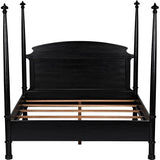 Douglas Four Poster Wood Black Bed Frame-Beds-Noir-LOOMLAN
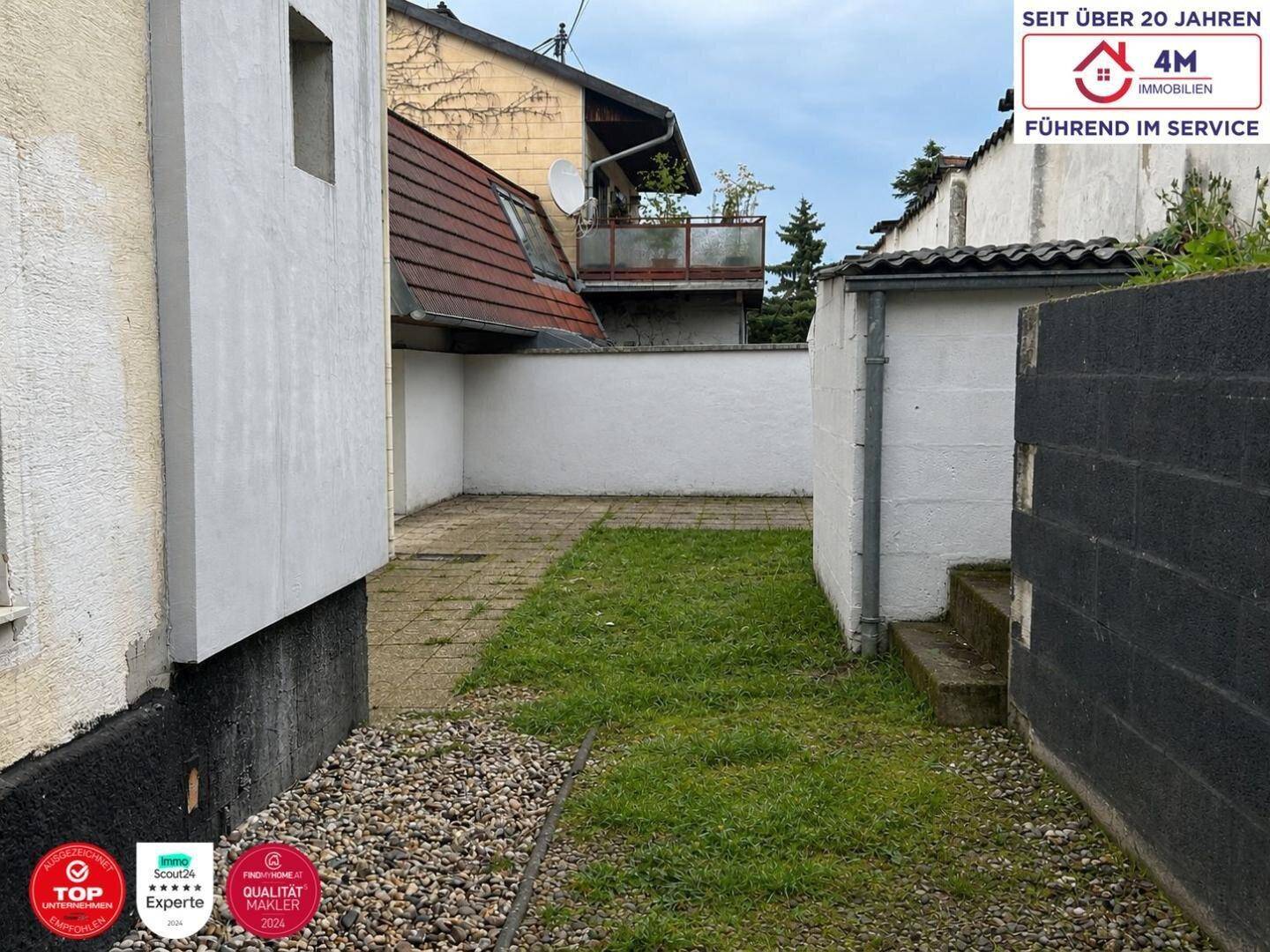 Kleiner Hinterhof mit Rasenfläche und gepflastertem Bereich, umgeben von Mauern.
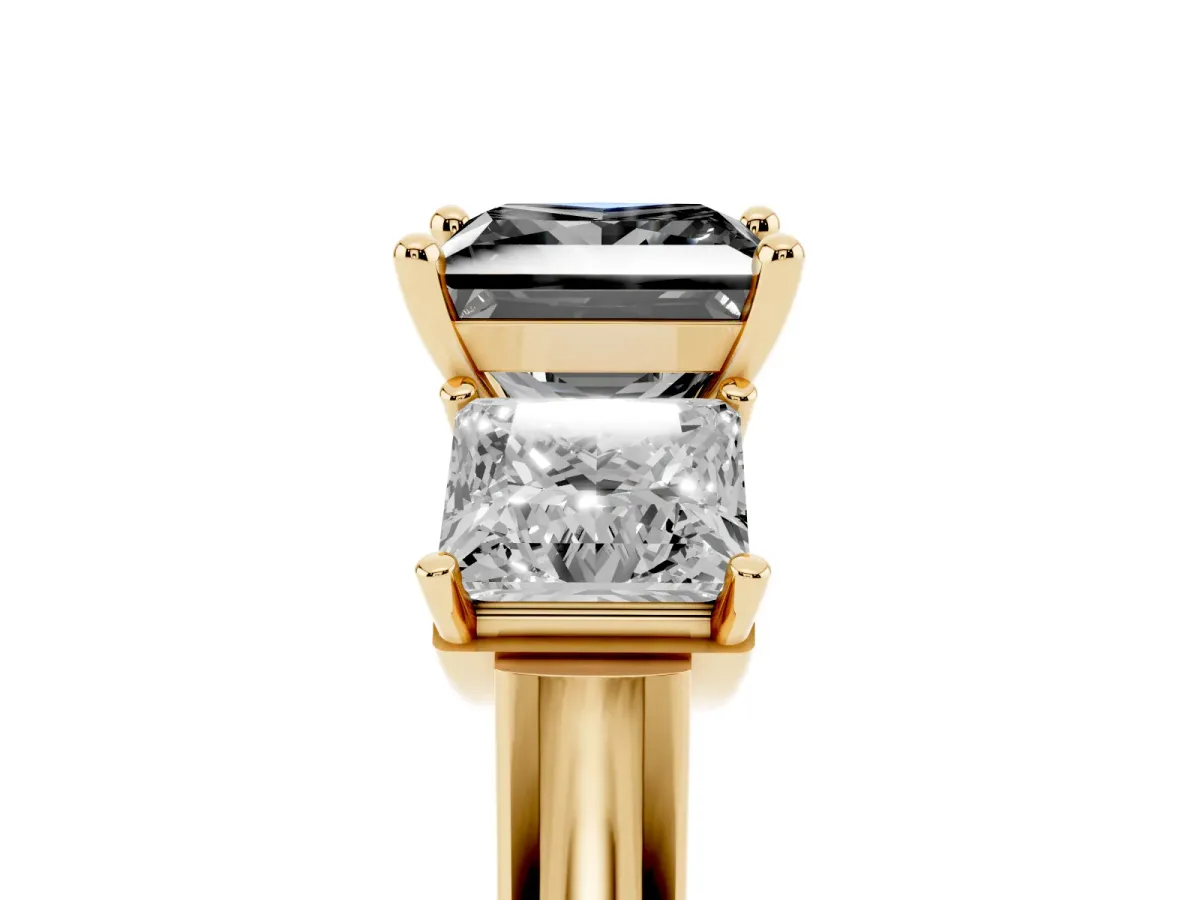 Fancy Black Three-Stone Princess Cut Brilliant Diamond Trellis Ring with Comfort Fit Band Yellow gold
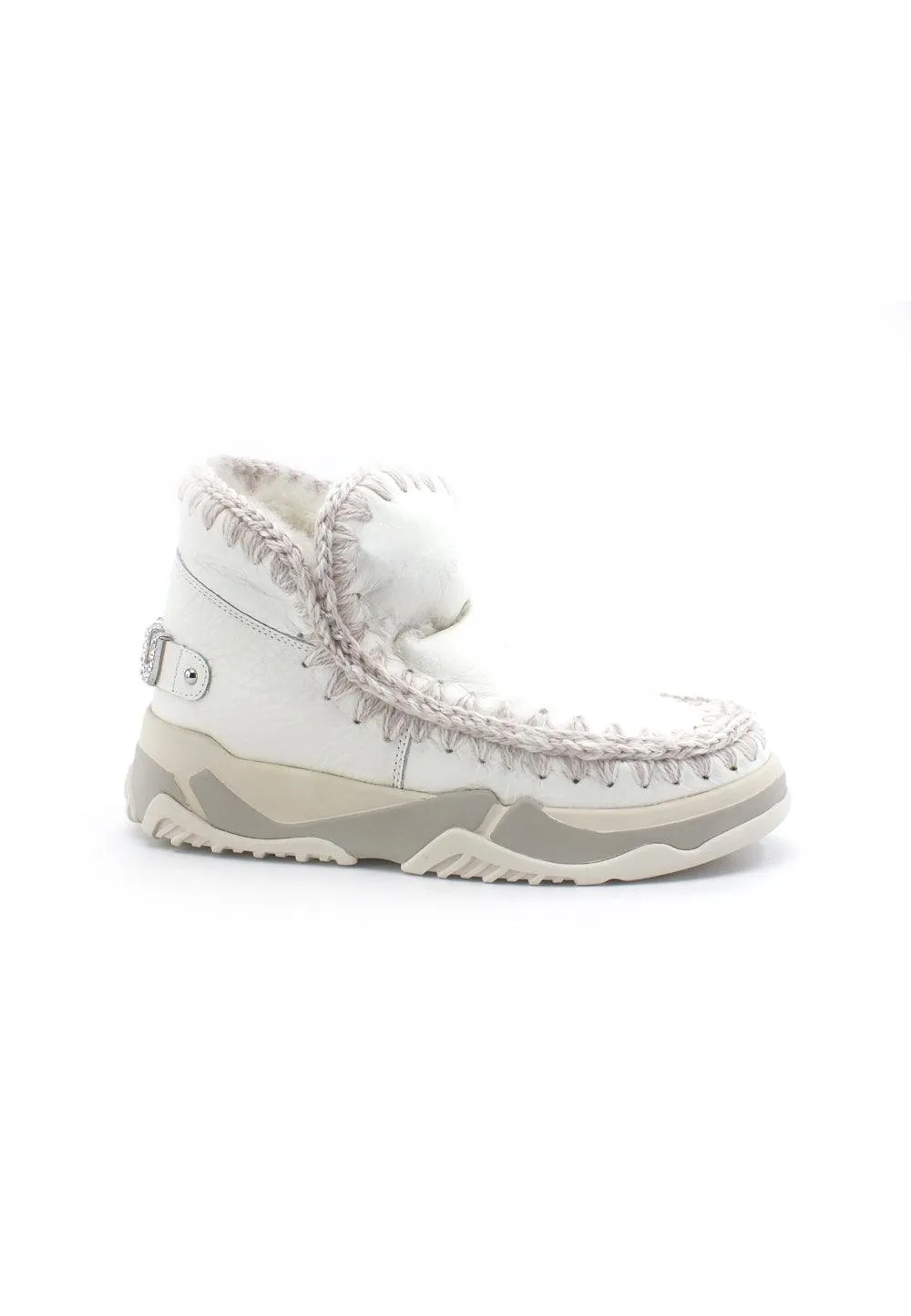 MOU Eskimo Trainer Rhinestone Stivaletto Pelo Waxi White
· · · ·
_WHAT TO WORK ON_.
Output the data above in full. Skip every picture.

_ANSWER BOX_.
 Douglas Four Poster Wood Black Bed Frame-Beds-Noir-LOOMLAN
 Kleiner Hinterhof mit Rasenfläche und gepflastertem Bereich, umgeben von Mauern.
 Fancy Black Three-Stone Princess Cut Brilliant Diamond Trellis Ring with Comfort Fit Band Yellow gold
 MOU Eskimo Trainer Rhinestone Stivaletto Pelo Waxi White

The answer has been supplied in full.